A multi-task loss is the weighted sum of two or more task-specific losses, applied to a model that outputs predictions for each task. The canonical form is
\[\mathcal L = \mathcal L _ \text{task A} + \lambda \cdot \mathcal L _ \text{task B}.\]Example (R-CNN family): $\mathcal L = \mathcal L _ \text{cls}(\hat y, y) + \lambda \mathcal L _ \text{reg}(\hat b, b)$, combining a classification cross-entropy and a bounding-box regression smooth-$L _ 1$.
Why $\lambda$ matters:
- The two losses are typically on different scales (e.g. cross-entropy in tens, smooth-$L _ 1$ in fractions).
- Their gradients should make balanced contributions during training; otherwise one task dominates and the other is essentially ignored.
- $\lambda$ is a hyperparameter set per task / dataset, often by grid search over the validation set.
Optional refinement: gate the regression loss with an indicator $\mathbb 1[y \ge 1]$ so it only applies when the object is foreground (no bounding box for background).
@Justify why the SVM hinge loss $\max(0, 1 - y f(\pmb x))$ is a good surrogate for the 0-1 classification loss.
- Convex upper bound: hinge is a convex function that lies above the 0-1 loss everywhere, so minimising hinge is a convex surrogate for the (non-convex, non-differentiable) 0-1 loss.
- Zero gradient when classified correctly with margin: for $y f(\pmb x) \ge 1$, the loss is zero and the gradient is zero — so correctly-classified-with-margin points don’t influence training.

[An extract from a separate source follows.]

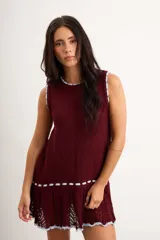 Vestido corto de punto color bordó con detalles en celeste claro en el cuello, sisas y el ruedo, sin mangas y con diseño evasé.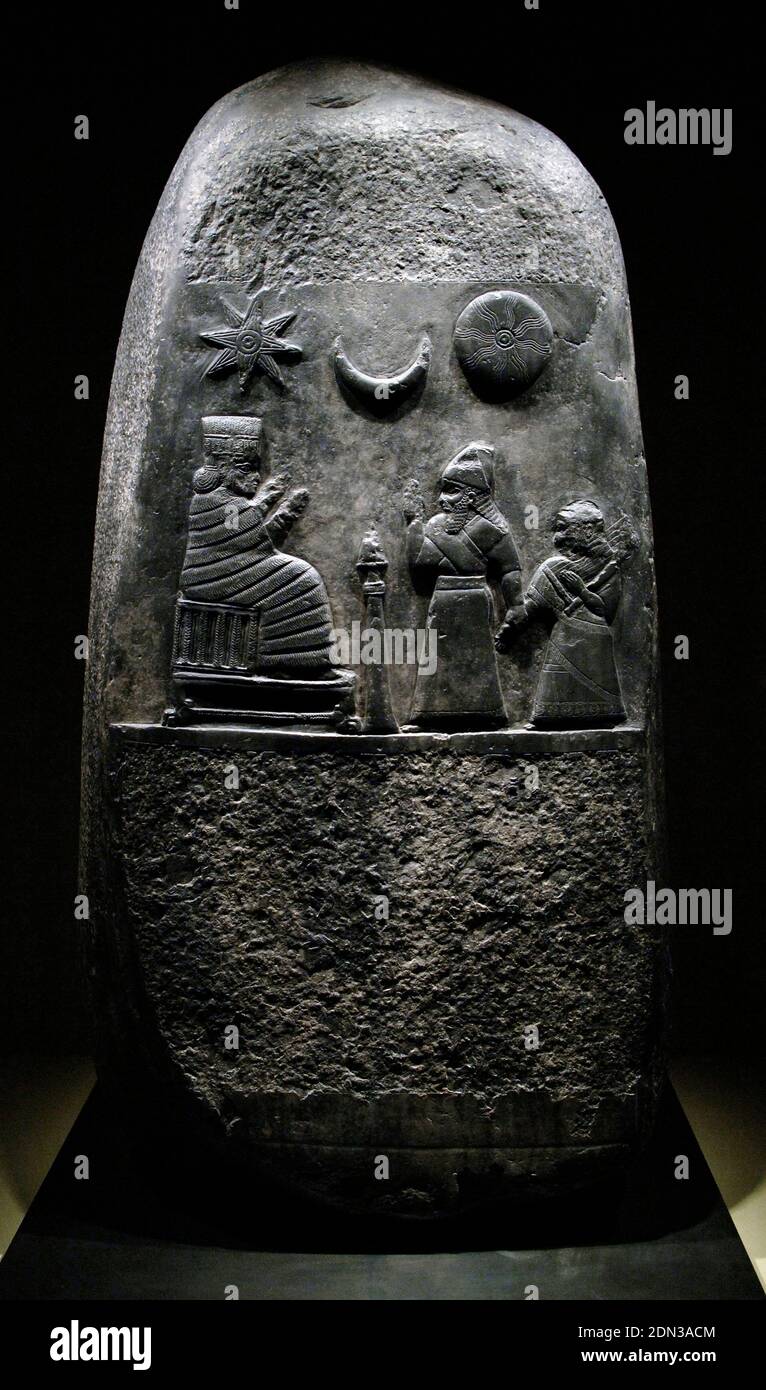 Kudurru (stele) of King Melishipak (1186-1172 BC). The king presents his daughter to the goddess Nannaya. The crescent moon represents the god Sin, the sun the Shamash and the star the goddess Ishtar. Kassite period. Taken to Susa (Iran) in 12th century BC by Elamite king Sutruk-Nahhunte as war booty. Limestone. Louvre Museum. Paris, France. Stock Photo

This induces sparsity: only points within the margin (support vectors) affect the decision boundary.
- Non-zero, constant gradient when misclassified or within margin: $-y \pmb x$, pushing the decision boundary away from the violating point.
- Single discontinuity in derivative at $y f(\pmb x) = 1$: not differentiable there, but subgradient methods handle this fine.
These properties make the hinge loss the canonical SVM surrogate.
Cross-entropy + softmax is the standard classification loss. For a one-hot ground truth at class $C _ {GT}$, it simplifies to $-\log p(C _ {GT} \mid \pmb x) = -f _ {GT}(\pmb x) + \log \sum _ j \exp f _ j(\pmb x)$. The second term is the log-sum-exp (numerically stable softmax) which can blow up if individual logits are large — usually handled by subtracting $\max _ j f _ j(\pmb x)$ inside the exponent.